"""
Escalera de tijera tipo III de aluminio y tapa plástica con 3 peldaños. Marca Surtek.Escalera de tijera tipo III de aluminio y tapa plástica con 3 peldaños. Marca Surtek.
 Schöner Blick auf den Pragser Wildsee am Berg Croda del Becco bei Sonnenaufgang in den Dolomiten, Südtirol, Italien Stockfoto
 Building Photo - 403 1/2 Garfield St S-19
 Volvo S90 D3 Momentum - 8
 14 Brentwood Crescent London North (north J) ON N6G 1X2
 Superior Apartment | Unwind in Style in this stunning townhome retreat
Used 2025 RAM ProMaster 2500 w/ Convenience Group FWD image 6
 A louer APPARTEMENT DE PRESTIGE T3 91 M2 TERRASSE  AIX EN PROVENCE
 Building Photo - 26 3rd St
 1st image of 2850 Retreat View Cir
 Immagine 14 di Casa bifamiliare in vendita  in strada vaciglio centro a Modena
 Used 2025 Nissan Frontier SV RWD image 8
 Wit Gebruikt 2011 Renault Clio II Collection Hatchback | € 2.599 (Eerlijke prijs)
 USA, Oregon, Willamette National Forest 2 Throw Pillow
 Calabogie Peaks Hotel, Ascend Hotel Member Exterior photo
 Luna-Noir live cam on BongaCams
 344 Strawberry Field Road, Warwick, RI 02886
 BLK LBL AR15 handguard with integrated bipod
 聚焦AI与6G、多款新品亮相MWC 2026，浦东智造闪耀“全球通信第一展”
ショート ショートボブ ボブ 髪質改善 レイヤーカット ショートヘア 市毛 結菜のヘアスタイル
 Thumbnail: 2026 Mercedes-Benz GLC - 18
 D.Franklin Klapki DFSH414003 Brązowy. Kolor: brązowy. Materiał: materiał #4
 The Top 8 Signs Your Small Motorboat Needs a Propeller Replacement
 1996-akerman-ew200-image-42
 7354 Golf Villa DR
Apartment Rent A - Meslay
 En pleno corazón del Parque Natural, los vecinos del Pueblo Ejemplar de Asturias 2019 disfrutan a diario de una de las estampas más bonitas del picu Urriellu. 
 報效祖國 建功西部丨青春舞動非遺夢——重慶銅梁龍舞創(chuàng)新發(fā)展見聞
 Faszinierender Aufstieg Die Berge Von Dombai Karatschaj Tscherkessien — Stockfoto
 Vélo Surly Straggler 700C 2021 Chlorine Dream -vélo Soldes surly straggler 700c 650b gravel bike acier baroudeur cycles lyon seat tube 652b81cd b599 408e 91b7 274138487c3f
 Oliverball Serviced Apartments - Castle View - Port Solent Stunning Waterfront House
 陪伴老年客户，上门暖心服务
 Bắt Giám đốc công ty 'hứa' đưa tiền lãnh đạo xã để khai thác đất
"""
Exercise goal
From the records above, give again exactly the lines running from the line with "Used 2025 Nissan Frontier SV RWD image 8" to the line with "Calabogie Peaks Hotel, Ascend", inclusive.

Reply
 Used 2025 Nissan Frontier SV RWD image 8
 Wit Gebruikt 2011 Renault Clio II Collection Hatchback | € 2.599 (Eerlijke prijs)
 USA, Oregon, Willamette National Forest 2 Throw Pillow
 Calabogie Peaks Hotel, Ascend Hotel Member Exterior photo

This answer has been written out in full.